(MATERIAL TO PROCESS begins)

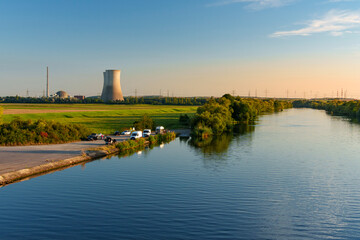 Fototapeta premium Kernkraftwerk Grafenrheinfeld im Abendlicht, Landkreis Schweinfurt, Unterfranken, Franken Bayern, Deutschland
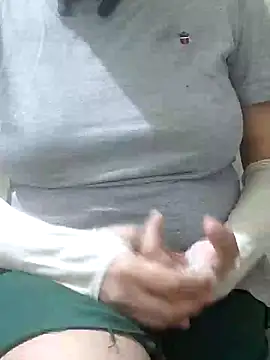 Snapshot of mallupriyapriya chatting on February 10, 4:58 pm mallupriyapriya online show from February 10, 4:58 pm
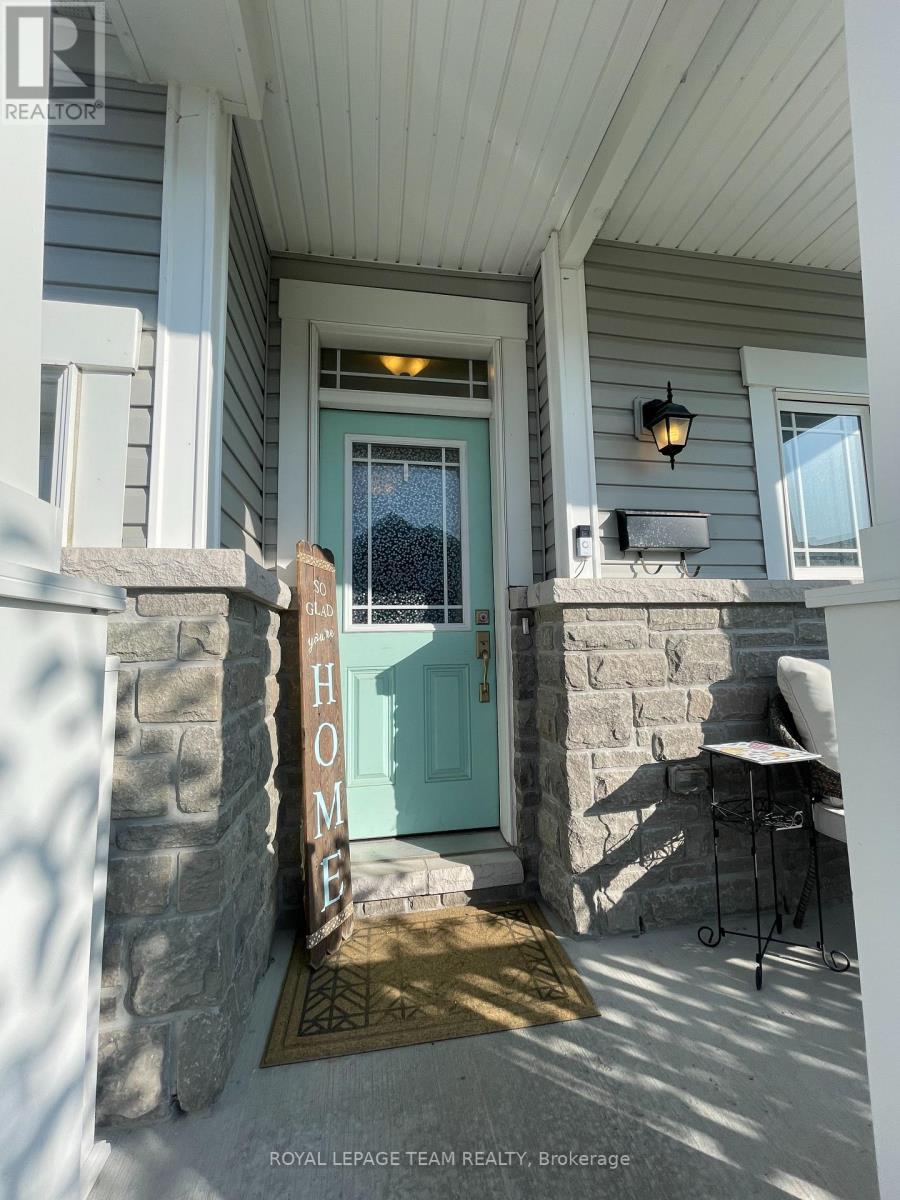 












273 RIVERTREE STREET

,
Ottawa,




Ontario
K2M0J6

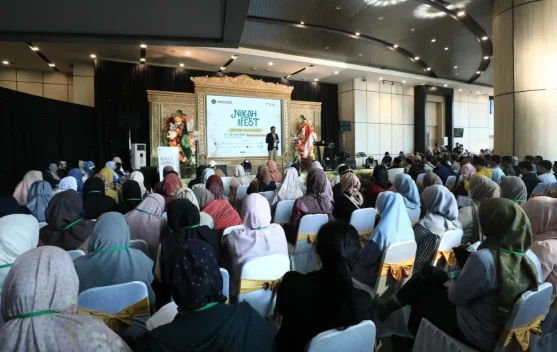 Peserta Ta'aruf Golek Garwo berkumpul dalam acara Nikah Fest di Jakarta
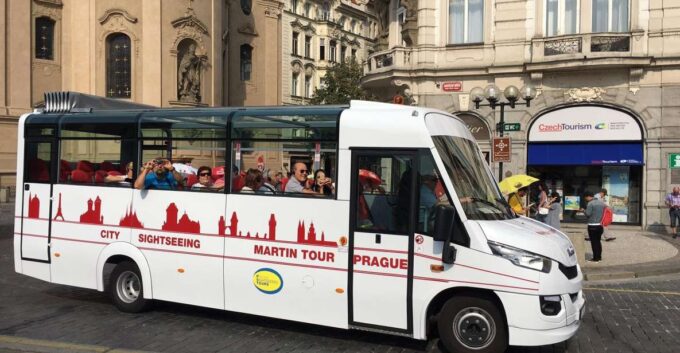 Prague City: 1-Hour Orientation Tour by Bus - Cancellation Policy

(MATERIAL TO PROCESS ends)

> ASSIGNMENT:
When copying the entries, drop the images and keep every line exact.

> EXPECTED ANSWER:
 Fototapeta premium Kernkraftwerk Grafenrheinfeld im Abendlicht, Landkreis Schweinfurt, Unterfranken, Franken Bayern, Deutschland
 Snapshot of mallupriyapriya chatting on February 10, 4:58 pm mallupriyapriya online show from February 10, 4:58 pm












273 RIVERTREE STREET

,
Ottawa,




Ontario
K2M0J6

 Peserta Ta'aruf Golek Garwo berkumpul dalam acara Nikah Fest di Jakarta
 Prague City: 1-Hour Orientation Tour by Bus - Cancellation Policy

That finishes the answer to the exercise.